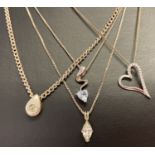 4 silver stone set necklaces.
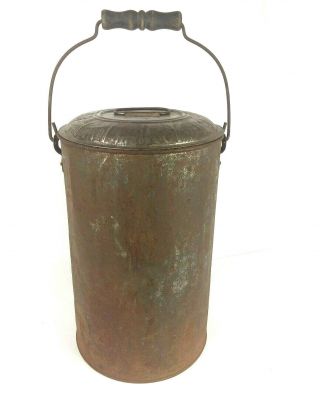 Vintage Tall Tin Pail Bucket with Lid Wood Handle Farmhouse Rustic 14.  5 inch 3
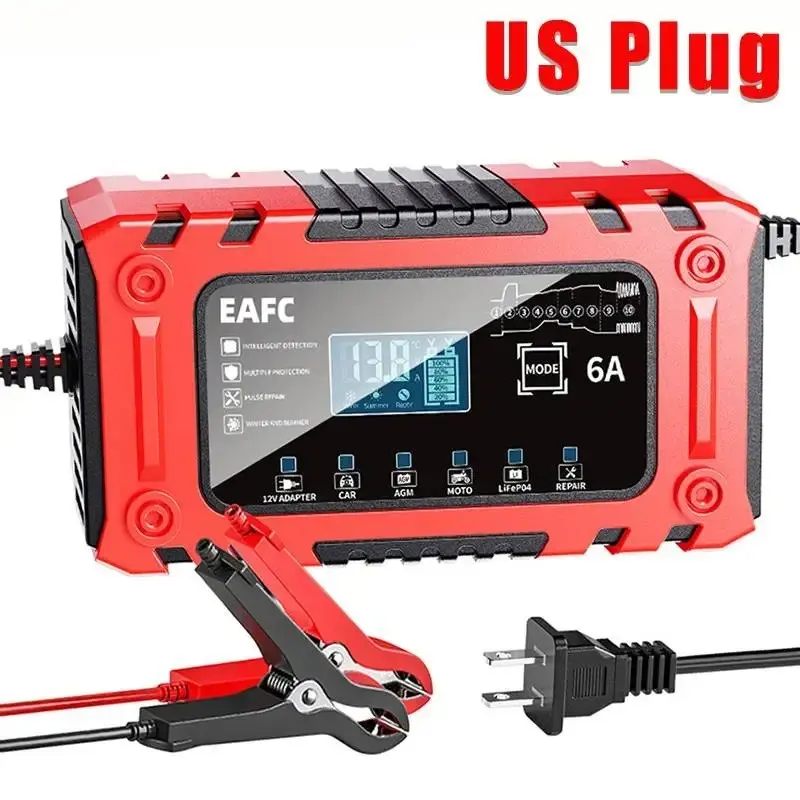 Us Plug Battery Charger 12V 6a, Smart Fast Charging Pulse Repair, LED Display, Suitable for Car, RV, Motorboat, Vehicle, Lead Acid/lifepo4 Batteries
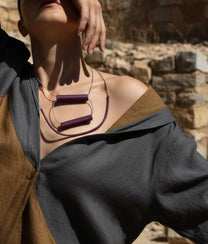 BRIO TRIS Burgundy Necklace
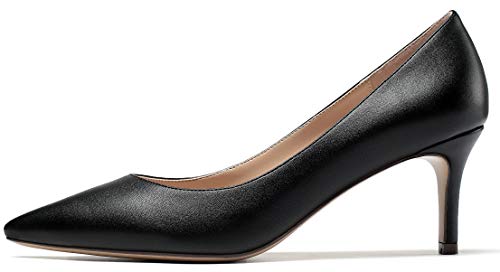 Soireelady Damen Klassische Pumps Slip On Stöckelschuhe mit Spitzen Zehen Hohen Absätzen Matt Schwarz EU41 von Soireelady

▸ What you will do: If a record holds a picture, leave the picture out and copy everything else exactly.

▸ Solution below:
 4 silver stone set necklaces.
 Vintage Tall Tin Pail Bucket with Lid Wood Handle Farmhouse Rustic 14.  5 inch 3
 Us Plug Battery Charger 12V 6a, Smart Fast Charging Pulse Repair, LED Display, Suitable for Car, RV, Motorboat, Vehicle, Lead Acid/lifepo4 Batteries
 BRIO TRIS Burgundy Necklace
 Soireelady Damen Klassische Pumps Slip On Stöckelschuhe mit Spitzen Zehen Hohen Absätzen Matt Schwarz EU41 von Soireelady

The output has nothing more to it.